Steven Rattner, who worked for the Obama administration restructuring the auto industry and who reportedly has the Securities and Exchange Commission on his case for the Chooch situation, lands on the front page of today's Vineyard Gazette (the last Tuesday issue before the paper reverts to weekly publication until next summer). The issue now is a horse farm, Crow Hollow Farm, that Mr. Rattner, according to the Gazette article, recently bought for $2.3 million.
The question before a local government body on Martha's Vineyard is whether the work Mr. Rattner is doing on the property is consistent with an "agricultural preservation restriction" on the property that gives Mr. Rattner a tax break. "For several years now, the land bank has not entered into APRs over horse farms on the basis that they amount to recreational rather than agricultural use," the article says. But the APR on Crow Hollow Fram predates that policy shift.
The Gazette quotes one of Mr. Rattner's neighbors, Purdy Burt:
"The idea of a millionaire being able to buy into an APR protected piece of land and then use it for his private recreational use, while enjoying the tax benefits . . . I do find a little offensive," she told the land bank commission.
Tara Whiting, who also is a member of the conservation commission, said she was frustrated that the land bank had not been more "proactive" in monitoring what the Rattners were doing with the farm.
"We have a long history with the Rattner family of violation after violation after violation," Ms. Whiting said.
There are several ways to look at this story.
One, Mr. Rattner is being singled out for criticism because he is "a millionaire." That runs counter to the idea of equal treatment under the law for everyone.
Two, it shows some of the potential problems with the government using the tax code to try to encourage people to do certain things, such as agriculture, with their property. What starts as an effort to preserve family farms from encroaching development winds up as an endeavor in which poorer residents of a town who pay full property taxes wind up subsidizing the riding rings of those who can afford them.
Three, it's possible that the "violations" of which Mr. Rattner is accused are the sort of thing where the government has so many rules that's it's impossible for anyone to even know what they are, let alone obey them. It's also possible, though, that it's a case of Henry Stern's Park Rule 16-J (the J is for Michael Jackson): "Nobody does it once."

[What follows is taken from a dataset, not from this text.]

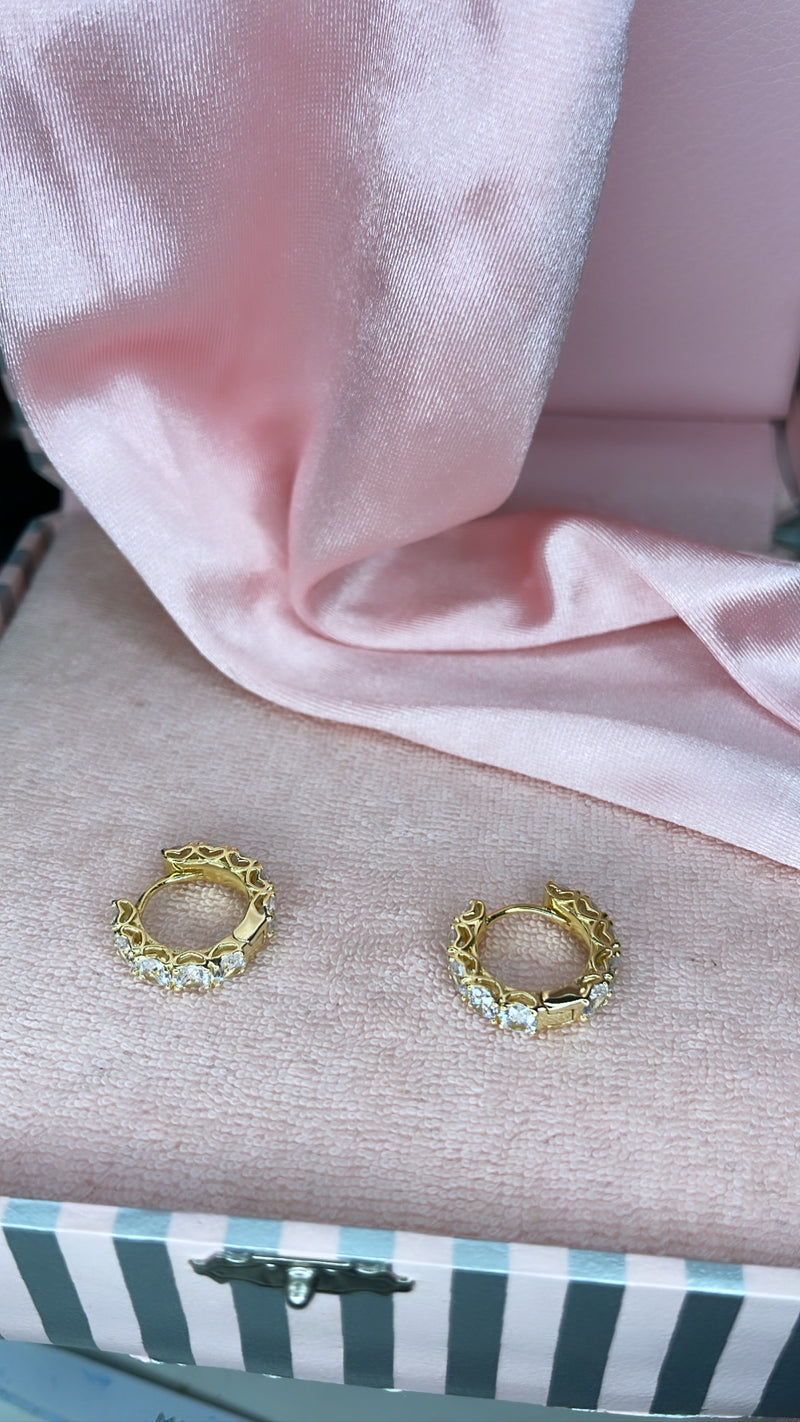 Mini Bling Hoops In gold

The other day Mr. Rattner had an op-ed in the Wall Street Journal complaining about income inequality. Now, it appears, he's getting a taste of the consequences of the rich-versus-everyone-else zero-sum-game view that he himself propounded. Poetic justice? The world-view Mr. Rattner expressed in the Journal article doesn't seem to allow him a principle on which he can defend himself. Maybe now that Mr. Rattner has gotten a taste of what it's like to be singled out for special adverse treatment on the grounds that he is a "millionaire," he'll reconsider.